Mit seinem Beschluss vom 19.2.2014 hat der BGH eine in Rechtsprechung und Literatur kontrovers diskutierte Frage[1] entschieden. Die dabei erörterten tatbestandlichen Voraussetzungen zur Verhängung eines Ordnungsmittels gem. § 89 Abs. 1 FamFG – wie etwa die Vollstreckungsfähigkeit eines gerichtlich gebilligten Vergleichs[2] oder die Frage, wann von einem schuldhaften Verstoß[3] gegen diesen Vergleich auszugehen ist – sind Gegenstand einer gefestigten Rechtsprechung. Anders verhält es sich jedoch mit der Frage, ob auch das Jugendamt Adressat einer Zwangsmaßnahme sein kann. Hierzu hat sich der BGH nunmehr klar positioniert, wobei durch die vorliegende Entscheidung zugleich Fragen in den Vordergrund gerückt werden, die hohe praktische Bedeutung besitzen und erst vor kurzer Zeit Gegenstand einer Gesetzesreform waren.

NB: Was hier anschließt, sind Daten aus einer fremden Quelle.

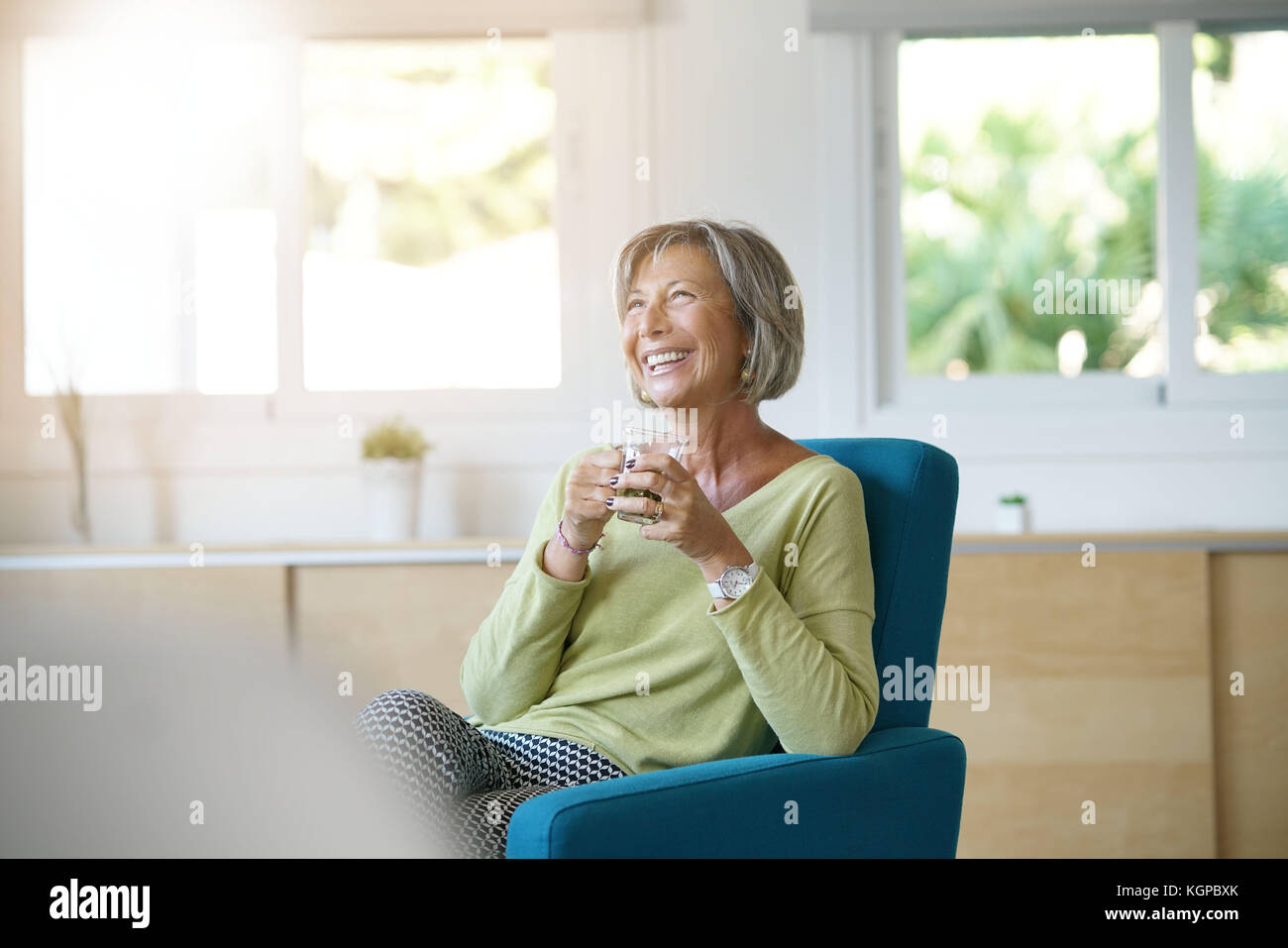 Ältere Frau im Sessel trinken heißen Tee Stockfoto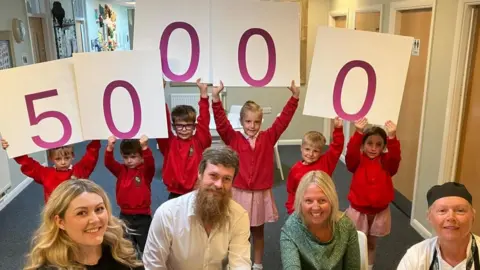 Burton Green Primary School children hold up individual signs with numbers to represent 50,000 school meals have been served as part of the Hungry Minds Appeal scheme. Staff members and councillor Bob Webb sit in front of the children. 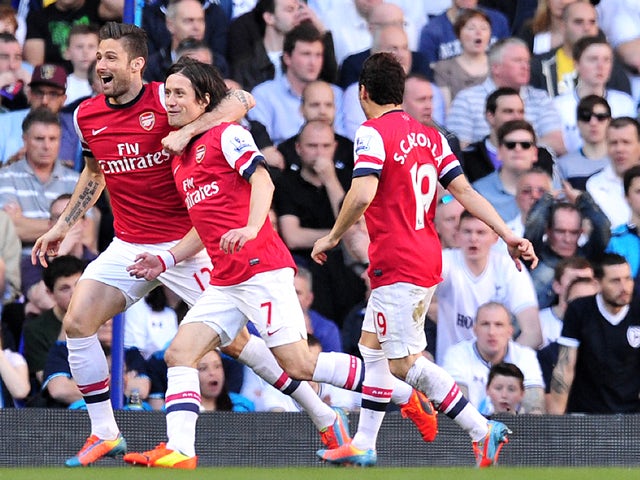 Arsenal's Czech midfielder Tomas Rosicky celebrates after scoring his team's first goal during the English Premier League football match between Tottenham Hotspur and Arsenal at White Hart Lane in north London on March 16, 2014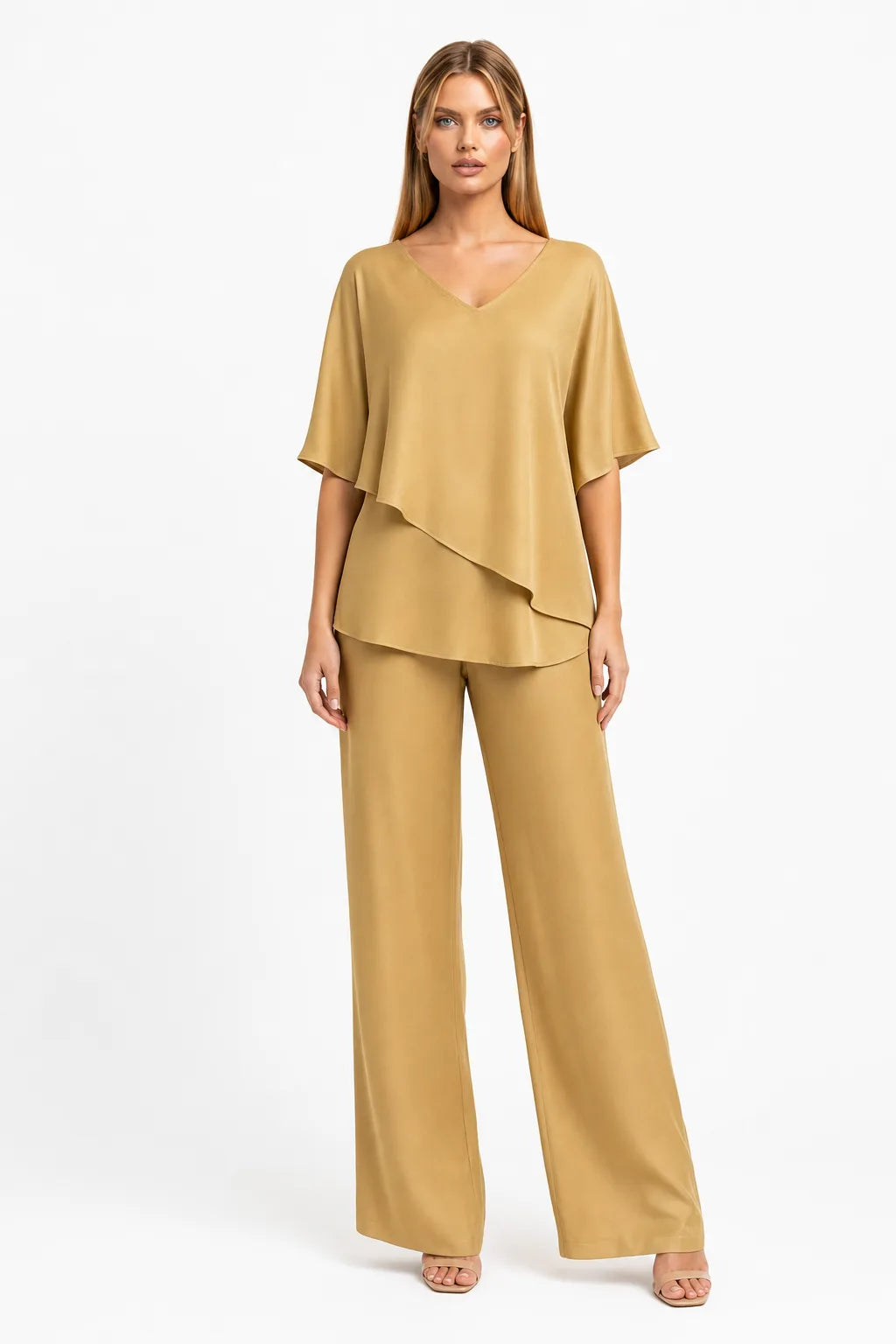 Gold flutter sleeve matching trouser set on model in contrapposto stance
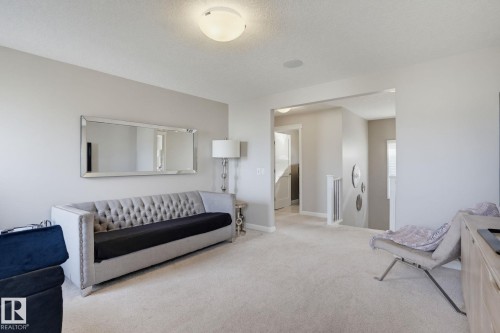 Carpeted room with light neutral wall tones, recessed lighting, and a wide entryway - 9448 228 Street Nw, Edmonton, AB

Zum 5.7.2012 ist das Gesetz zur Änderung des Vormundschafts- und Betreuungsrechts abschließend in Kraft getreten,[4] das u.a. neben einer weiter gefassten gerichtlichen Aufsicht gegenüber einem Vormund auch dessen Sorgfaltspflichten mit Blick auf das von ihm vertretene minderjährige Kind konkretisiert hat. Zielsetzung der Gesetzesreform war die Stärkung des persönlichen Kontakts zwischen dem Vormund und seinem Mündel,[5] wobei sich die Notwendigkeit dieses verstärkten Kontakts vor allem in jenen Fällen ergibt, in denen die Amtsvormundschaft durch das Jugendamt wahrgenommen wird, d.h. es an einem gemeinsamen Haushalt zwischen Vormund und Mündel fehlt, so dass nicht bereits im Alltagsablauf fortlaufend die notwendigen Informationen zur Entwicklung und den Bedürfnissen des Minderjährigen bekannt werden.[6] Die damit zwangsläufig verbundene Problematik verschärft sich dadurch, dass die auf familiengerichtlicher Anordnung beruhende Amtsvormundschaft mit einem Entzug der elterlichen Sorge, z.B. nach § 1666 BGB, oder einem Ruhen der Sorge nach §§ 1673, 1674 BGB einhergeht und damit dem bestellten Amtsvormund nach § 55 SGB VIII die Ausübung der elterlichen Sorge obliegt. Dass eine am Kindeswohl orientierte Wahrnehmung der Aufgaben[7] der elterlichen Sorge nur gewährleistet ist, wenn zwischen dem Vormund, d.h. konkret dem Realvormund,[8] und seinem Mündel ein stetiger Austausch stattfindet und nur so das notwendige Vertrauensverhältnis aufgebaut werden kann,[9] liegt auf der Hand.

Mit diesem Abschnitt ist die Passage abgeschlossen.